20 de Febrero

Escucha La Palabra de Dios para cada día

 

Primera Lectura

Lectura del libro de Isaías 58, 9b-14

Esto dice el Señor: “Si dejas libre al oprimido, y renuncias al ademán despectivo y a las palabras maliciosas; si te privas del pan para dárselo al  hambriento y satisfaces la necesidad del indigente, surgirá tu luz en las tinieblas, y tu oscuridad se hará como la luz del mediodía. El Señor será tu guía permanente y saciará tu hambre en el desierto; dará vigor a tu cuerpo, y serás como un huerto bien regado, o como un manantial de aguas que no faltan. Reconstruirás las viejas ruinas y pondrás los cimientos para futuras generaciones. Por eso dirán que reparas las brechas y abres nuevos caminos a los pobladores. Y si además te abstienes de viajar en sábado, y no dedicas a tus negocios mi día santo; si lo consideras como un día feliz que consagras a la gloria del Señor; si lo honras absteniéndote de trabajar, de buscar tus intereses, de tratar tus asuntos, entonces el Señor será tu delicia, te llevará a las cumbres, te hará gozar de la herencia de tu padre Jacob”. Lo ha dicho el Señor en persona.

 

L: Palabra de Dios

T: Te alabamos, Señor

 

Salmo responsorial 85, 1-6

 

 R.  Enséñame, Señor, tu camino, para que siga tu verdad.

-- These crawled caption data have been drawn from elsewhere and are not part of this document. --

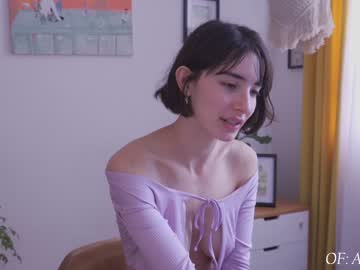 girl maria_alfonsina_ capture image #4754120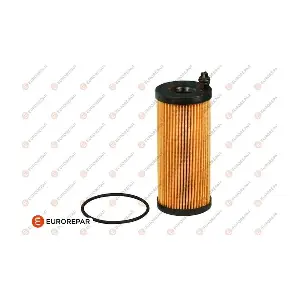 1619270080 EUROREPAR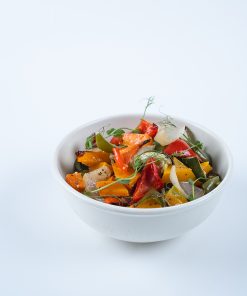 Website Roasted Vegetable2 1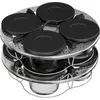 Image de Accessoire cookeo - Moulinex - XA6140E0 -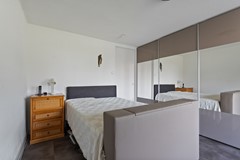 21-Deltastraat 2 - Almere.jpg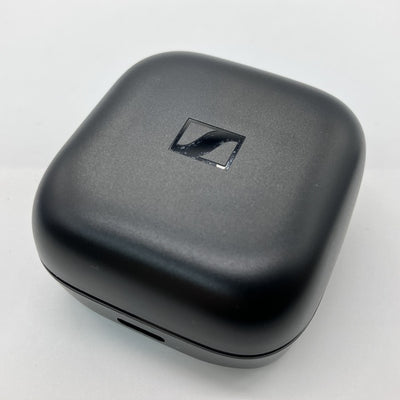 【中古】ACCENTUM True Wireless ブラック 【ATW1 Black】【秋葉原】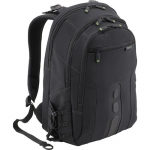 Rucsac laptop Targus EcoSpruce 15.6 inch Black TBB013EU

Inclina tu oído, Señor, escúchame, que soy un pobre desamparado; protege mi vida, que soy un fiel tuyo; salva a tu siervo, que confía en ti /R. 

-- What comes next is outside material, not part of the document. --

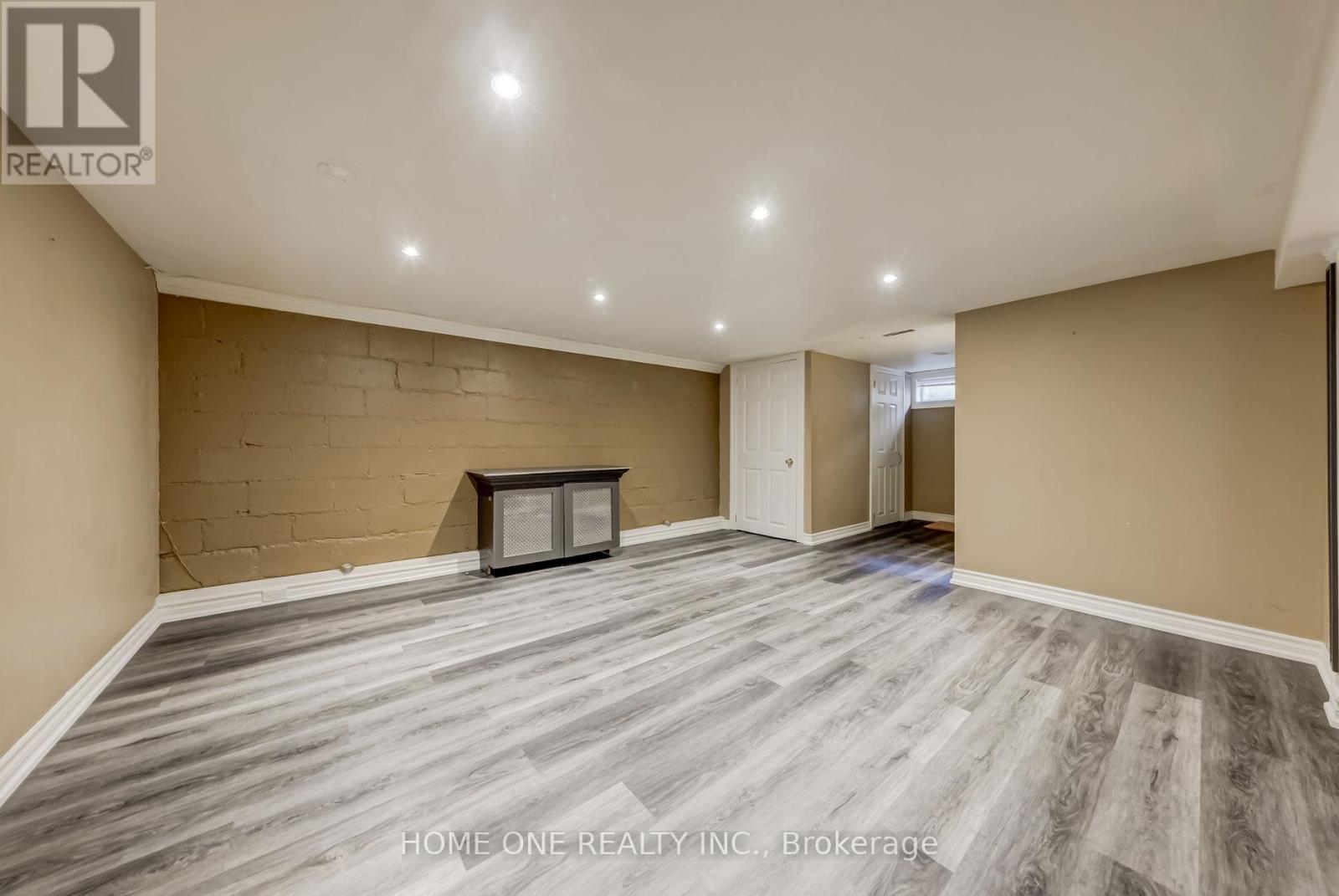 Bsmt - 56 Fergus Avenue, Richmond Hill, Ontario  L4E 3C1 - Photo 6 - N12385782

Tú eres mi Dios, piedad de mí, Señor, que a ti te estoy llamando todo el día; alegra el alma de tu siervo, pues levanto mi alma hacia ti /R.  

Porque tú, Señor, eres bueno y clemente, rico en misericordia con los que te invocan. Señor, escucha mi oración, atiende a la voz de mi súplica /R.

 

 

Evangelio San Lucas 5, 27-32

 

“Yo no he venido a llamar a los justos sino a los pecadores, para que se arrepientan”

 

Salió Jesús de casa y vio a un recaudador de impuestos llamado Leví, sentado en el lugar donde se hacía el recaudo, y le dijo: “Sígueme”. Leví lo dejó todo, se levantó y lo siguió. Luego le ofreció a Jesús una gran comida en su casa a la que asistieron muchos recaudadores y muchos otros invitados. Los fariseos y los escribas empezaron a criticarlo; decían a los discípulos de Jesús: “¿Por qué comen y beben en compañía de recaudadores y pecadores?”. Jesús les respondió: “No son los sanos los que tienen necesidad de médico sino los enfermos. Yo no he venido a llamar a los justos sino a los pecadores, para que se arrepientan”.